In addition there reportedly were at least 15,229 warrant-replacing NSL requests by federal agents under the PATRIOT Act umbrella. These appear to be large numbers of "special considerations" declaring "critical needs of national security" so one might reasonably expect at least a single conviction per 20 or so such special requests which are important enough to require secret processing in the face of constitutional law. Nonetheless it looks like big brother end-runs the judiciary and preempts taxpayer rights while collecting unwarranted private information and failing to provide specific benefit to taxpayers.
Like Senator Rand Paul has said: "My main objection to the PATRIOT Act is that searches that should require a warrant from a judge are performed with a letter from an FBI agent - a national security letter (NSL). Since the passage of the PATRIOT Act, over 200,000 NSL searches have been performed. In addition, the roving wiretaps allow the government to ignore requirements to name the target of the wiretap or the specific place or facility that is to be monitored."
Reasonable people everywhere support those involuntary transparency efforts targeting America because there is no voluntary transparency at all in that now burgeoning police-State. There is not even efficacious judicial oversight of fashionably militarized methodologies. Secret purview of public communications channels by the likes of Homeland Security and NSA is not about national security as much as unfettered acquisition of private information by professional bureaucrats for controlling purposes.
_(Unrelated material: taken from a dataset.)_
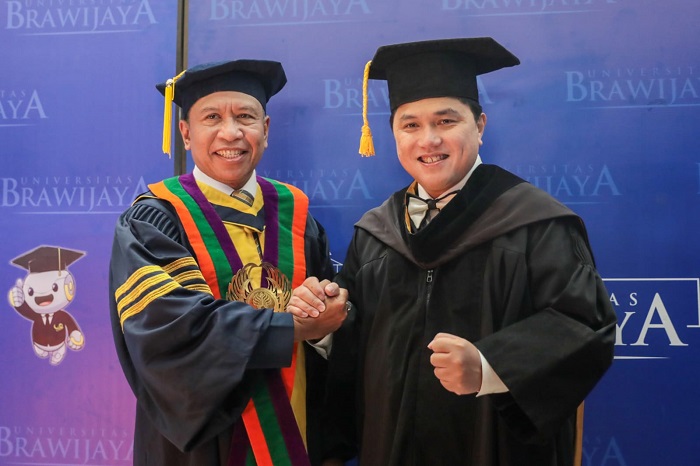 Penganugerahan gelar Doktor Honoris Causa (Dr HC) kepada Menteri BUMN Erick Thohir. (Dok. Kemenpora.go.id)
The Director of the NSA claims to have thwarted 50 major terrorist plots by listening-in on America but without a single charge of any kind being brought against suspects. That's some credible justification when four garrulous old men running their mouths in a rural Waffle House can be arguably entrapped by federal informants and eventually charged with conspiracy. In any case Miss Liberty needs to watch her back. NSA would monitor the air you breathe if practical and dispense it only to those who "play ball". Patrick Henry claimed to prefer death over life without guaranteed liberties so he would not live long in today's America.